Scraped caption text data
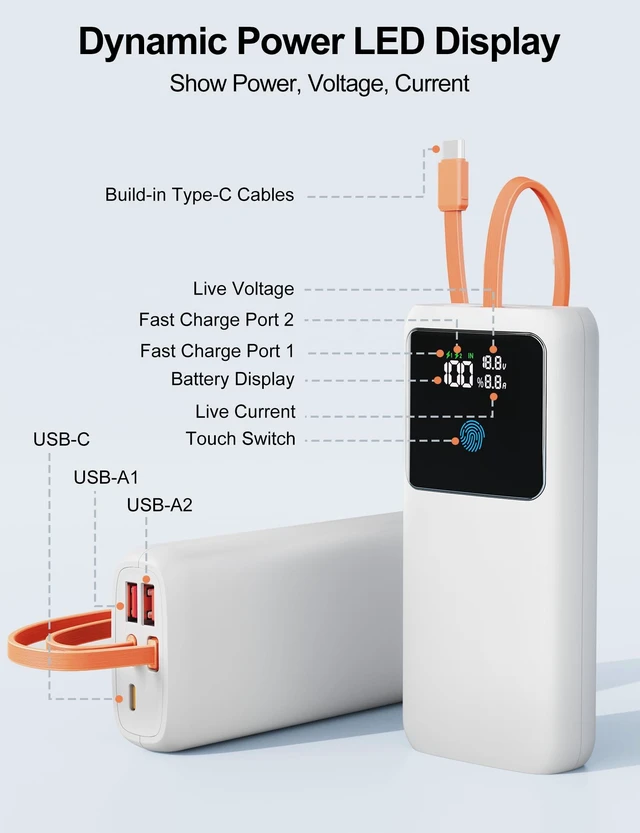 Alt view image 5 of 7 - Makoval Portable Laptop Charger 24000mAh 65W w/USB C Built-in Cable White | 65W Fast charging, LED display, Charge 4 devices at once, Pass through TSA approved, Compatible with Macbook/Notebook/iPhone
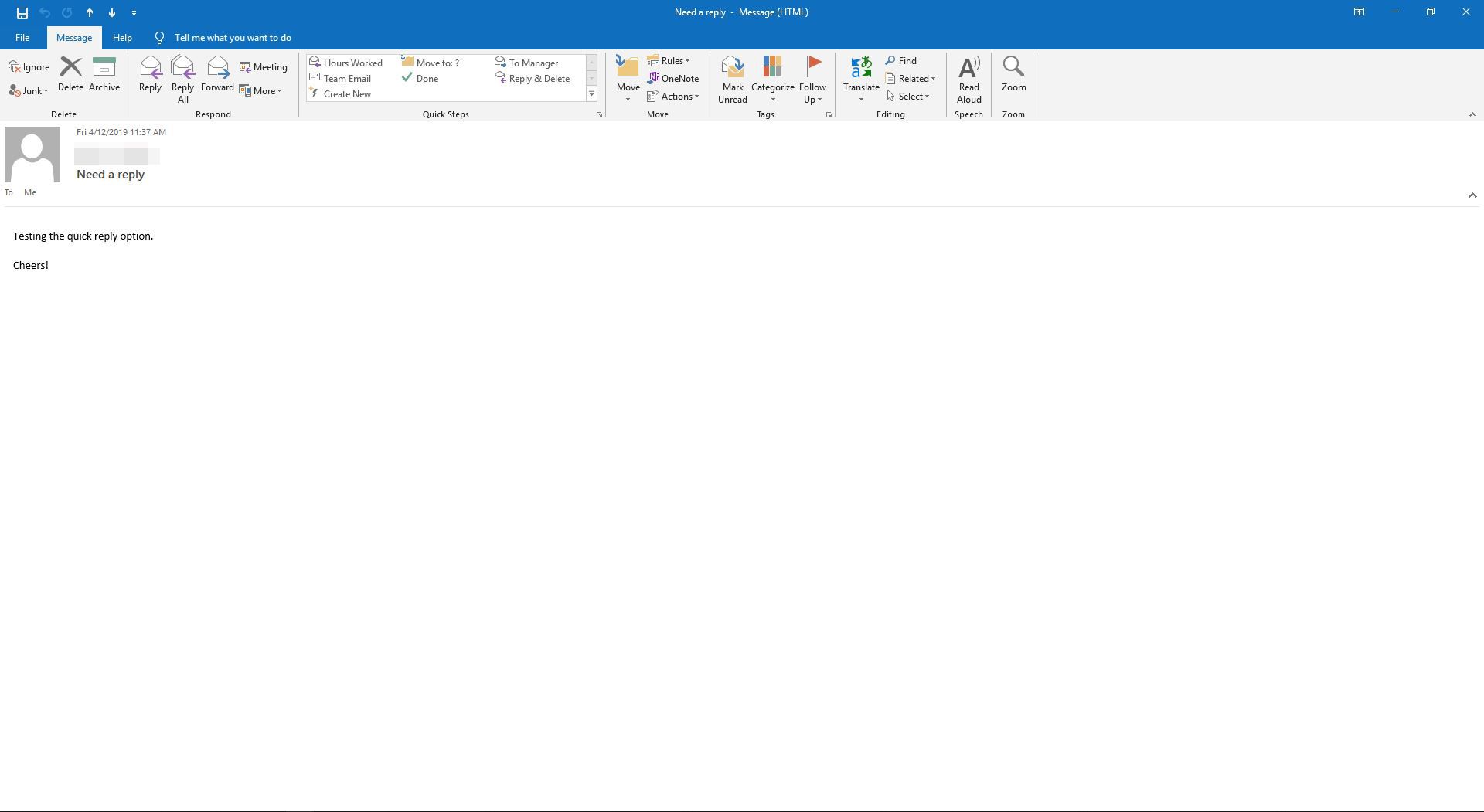 Відкритий електронний лист у програмі Outlook.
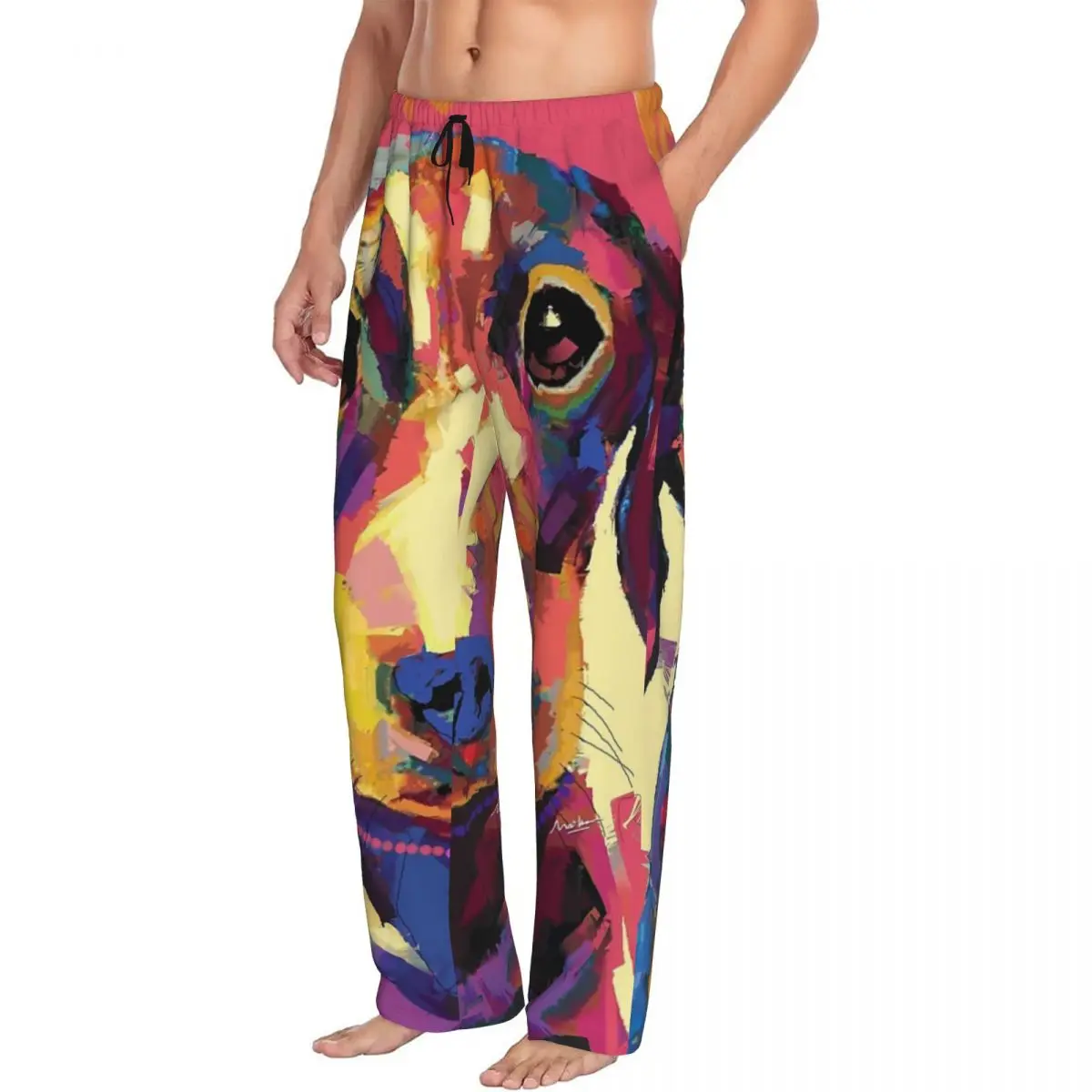 Custom Dachshund Pajama Pants Men Sleepwear Sleep Lounge Bottoms with Pockets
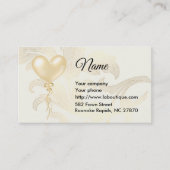 Soft Gold Heart Balloon und Florals Business Card Visitenkarte (Vorderseite)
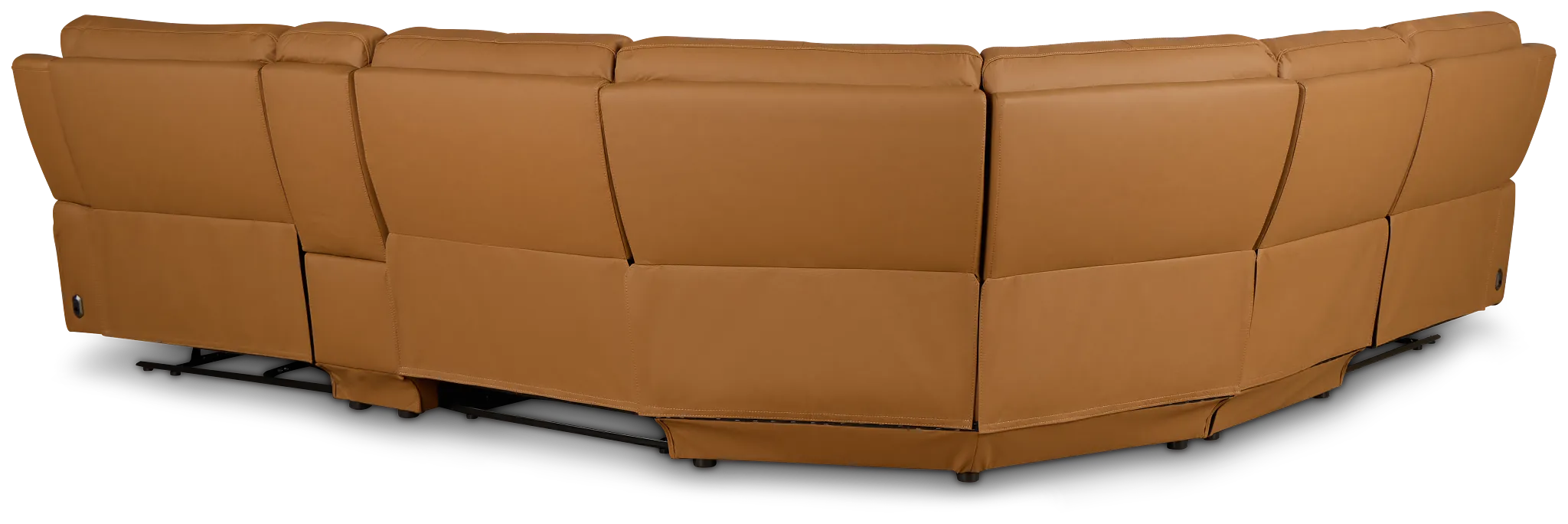 Summit Light Brown Lthr/vinyl Medium Triple Power 2-arm Sectional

▶ **Task**:
Repeat the entries exactly, without pictures.

▶ **Result for this task**:
 Alt view image 5 of 7 - Makoval Portable Laptop Charger 24000mAh 65W w/USB C Built-in Cable White | 65W Fast charging, LED display, Charge 4 devices at once, Pass through TSA approved, Compatible with Macbook/Notebook/iPhone
 Відкритий електронний лист у програмі Outlook.
 Custom Dachshund Pajama Pants Men Sleepwear Sleep Lounge Bottoms with Pockets
 Soft Gold Heart Balloon und Florals Business Card Visitenkarte (Vorderseite)
 Summit Light Brown Lthr/vinyl Medium Triple Power 2-arm Sectional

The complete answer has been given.